Featured image courtesy Adithya Ailes/InterPress News

To understand the process of indirect colonisation of the non-white countries in Asia and Africa is to work through the splitting of society in two. When overwhelming power came externally to crush the natives and their identity, the stage was set for an unequal race by which a local elite would acquire the trappings of Western culture.

Colonies were selectively developed and the coloniser took what he needed and neglected the rest. The rural countryside was largely untouched by colonisation and its plantations, roads and railways and the supportive governmental structures.

In Sri Lanka the people never rejected monarchy on any constitutional grounds. The British simply exploited a situation to drive out a king who had become unpopular. There were no republican roots at the beginning. All the subsequent ideas about equality, rule of law, democracy and independence of the judiciary were imperial lessons. Social welfare in the 1930’s and 40’s was likewise a lesson derived from Socialist Britain. Our social welfare report in 1947 was written by the all-knowing Sir Ivor Jennings. In place of an organic society which had evolved through centuries we now had a British product – an institutionalised society lacking any of the attributes of freedom. The colonial legacies of formality, impersonality and superficiality would be used post 1948 to cover up this social death and functions and ceremonies would proliferate to normalize inequalities.

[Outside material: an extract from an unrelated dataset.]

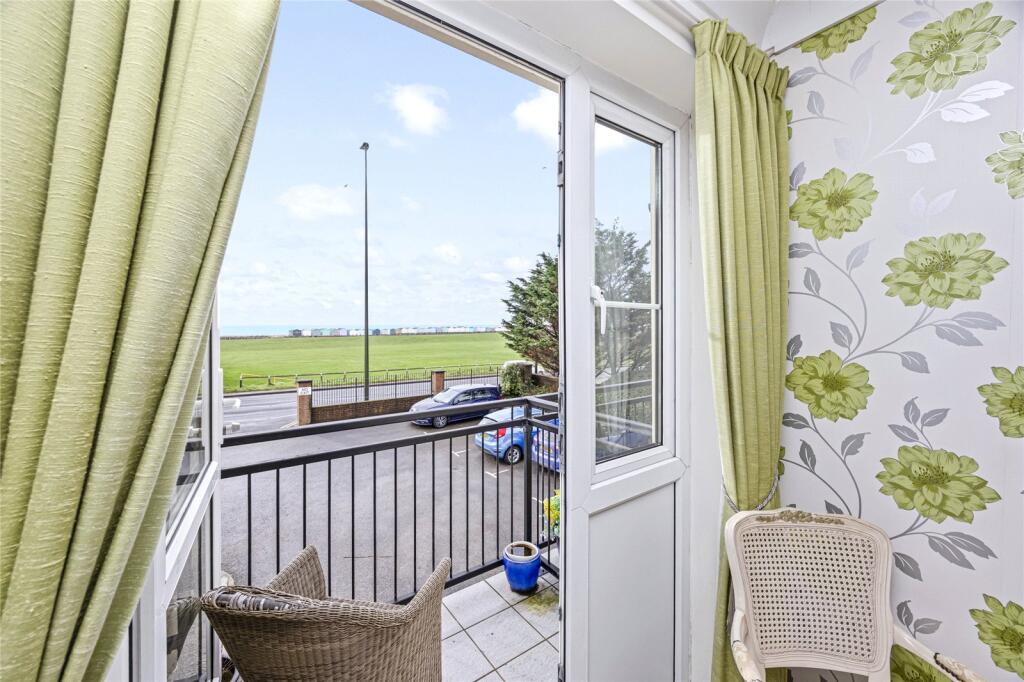 Brighton Road, Lancing, West Sussex, BN15 photo 5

When the coloniser left in 1948 there were two societies – those who understood the language of governance (English) and those who did not. A simple change of governance into the vernacular merely inducted a few more outsiders into the elite class without changing the status based structure of society itself. Those who made it into the have’s conveniently forgot about the have nots. Just take a trip in public transport today to get this point directly.

A simple (but fundamental) task of decolonisation was to bring all citizens into one society and thus strengthen the social citizenship of the island. We struggled to make a reality of what remained a formal status of equality written into Constitutions and laws. This is because we had – with colonisation traded our free birth and equality for the pre-occupations with wealth, power and prestige. In Sri Lanka you must be ‘somebody’ (amongst a lot of nobodies) to be respected. If you look around the white skin remains extremely popular as well!

The social welfare state that emerged in the late colonial period was probably the last great achievement in the post 1815 modern period of governance ever. Nothing comparable was ever set up thereafter. It was an unsung social revolution completed by the liberal British and Sri Lankans with a great contribution by the local socialist leadership. Post 1948 politics in a globalised economy where we had to make it alone would undermine and dissolve this social commitment.

Thus, instead of creating one society we have institutionalised a dual economy after 1977 where the quality focused private sector would serve the urbanized middle classes and a quantity focused public sector would catch up the rest.

When fundamental rights and other human rights including rights of children and women were introduced into this divided society after 1977 it was like loading bottles of extra virgin coconut oil (concepts) into a lorry weighed down by coconuts (the real thing).

However, the Government had ways and means of diverting all these ‘rights’ into existing legal and administrative processes so that we could say that we are compliant in Geneva and New York. The international organisations were also content with this tokenism. And so, a happy era of human rights was to begin in Sri Lanka under the domination of neo-liberal goons, with a little hide and seek here and there, but little change for the suffering.

I fail to see how “human rights” can be a serious concept in a society where everyone, the government, society and the international promoters of human rights are all content to brush the issue of inequality and the structure of patronage that maintains it under the carpet. Of course the word is equally popular with both politicians (for NGO bashing) and the internationals (for trading their wares) but we remain a long way off track from the real thing.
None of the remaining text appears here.